7. On 18 February 2014 the Government informed the Court that on 23 January 2014 an agreement on compensation had been concluded between the applicant and the Land of Baden-Württemberg in the proceedings pending before the Stuttgart Regional Court. By virtue of this agreement, the Land of Baden Württemberg undertook to pay to the applicant the amount of EUR 805,000 in regard of loss of income, EUR 7,500 for expenses incurred by vocational training, EUR 5,000 for further expenses in the proceedings before the Court and EUR 65,000 in regard of non-pecuniary damage. In return, the applicant declared his consent that the case pending before the Court is struck out of the Court’s list of cases. He further declared that he did not have any further claims vis-à-vis the Land of Baden-Württemberg or the Federal Republic of Germany in relation to the subject matter of his application submitted to the Court.
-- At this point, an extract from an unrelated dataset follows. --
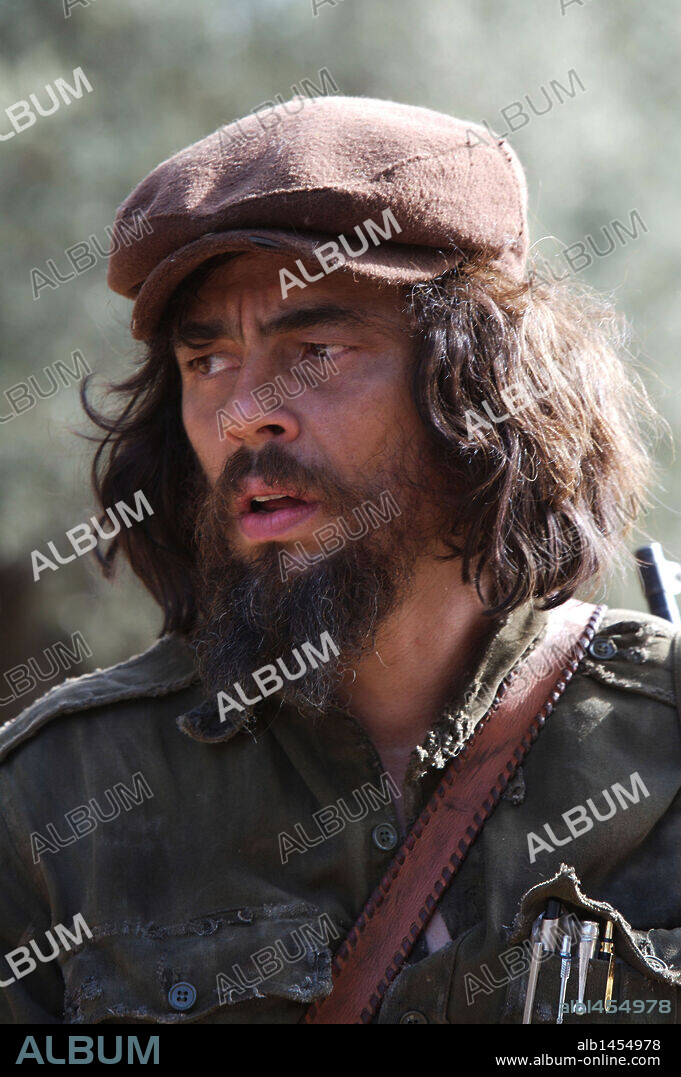BENICIO DEL TORO en CHE, EL ARGENTINO, 2008 (CHE: PART ONE), dirigida por STEVEN SODERBERGH. Copyright estudios picasso/ laura bickford productions/ telecinco/ / ISASI, TERESA.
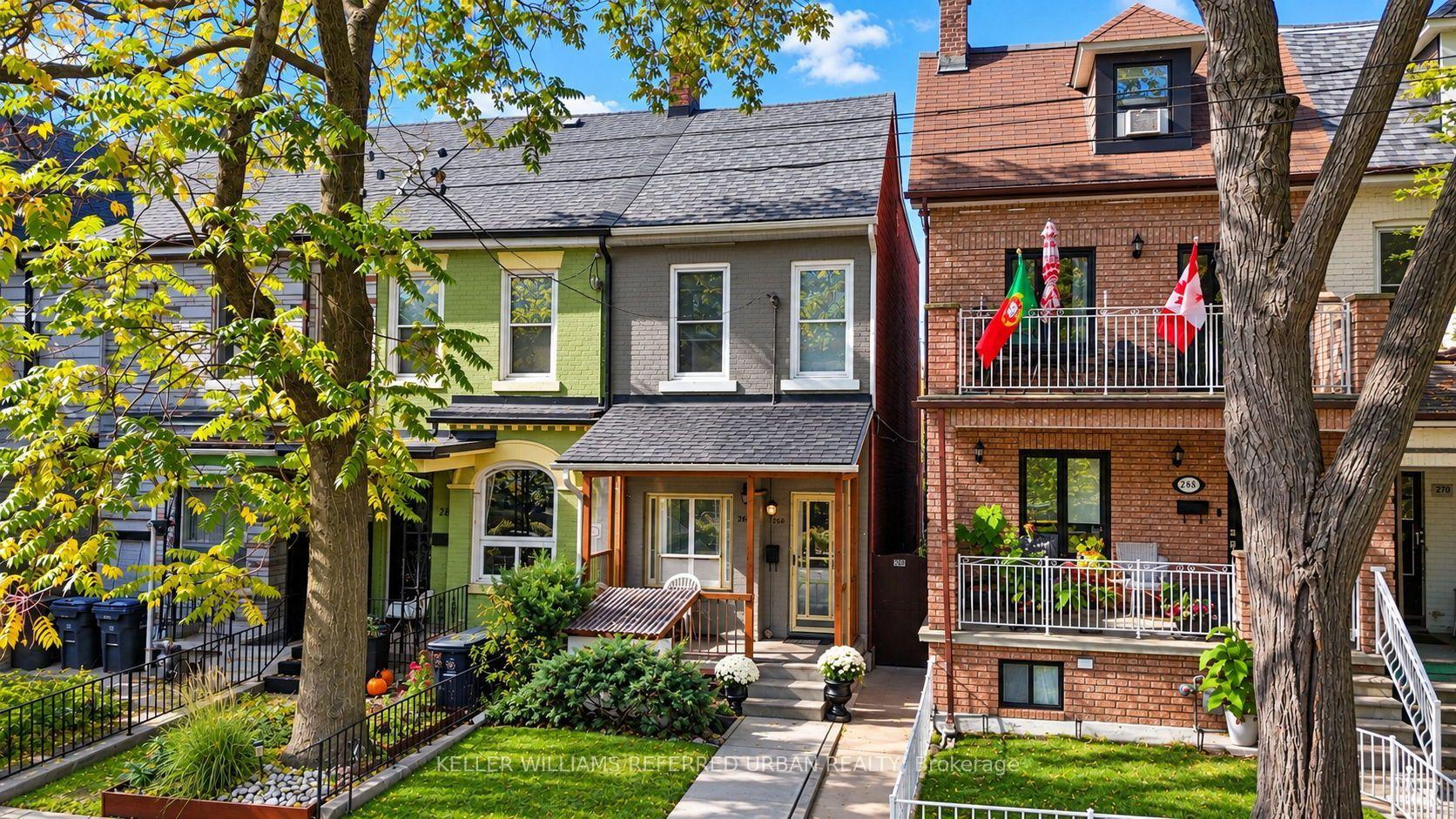 Photo 2 of 266 Roxton Road, Toronto, Palmerston-Little Italy — HOMEH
8. To that effect the Government submitted to the Court a copy of the decision of the Stuttgart Regional Court (file no. 15 O 302/12) certifying the conclusion of the friendly settlement.
THE LAW
9. Following its principal judgment the Court has been informed that a friendly settlement has been reached between the Government and the applicant with respect to the latter’s claims under Article 41 of the Convention.
Having regard to its terms, the Court finds the agreement equitable within the meaning of Rule 75 § 4 of the Rules of Court and that it is based on respect for human rights as defined in the Convention or its Protocols (Article 37 § 1 in fine of the Convention and Rule 62 § 3 of the Rules of Court). Consequently, it takes formal note of the agreement and considers it appropriate to strike the remainder of the case out of the list pursuant to that provision.
10. Accordingly, the remainder of the case should be struck out of the list.
FOR THESE REASONS, THE COURT, UNANIMOUSLY,
Decides to strike the remainder of the application out of its list of cases.
Done in English, and notified in writing on 5 June 2014, pursuant to Rule 77 §§ 2 and 3 of the Rules of Court.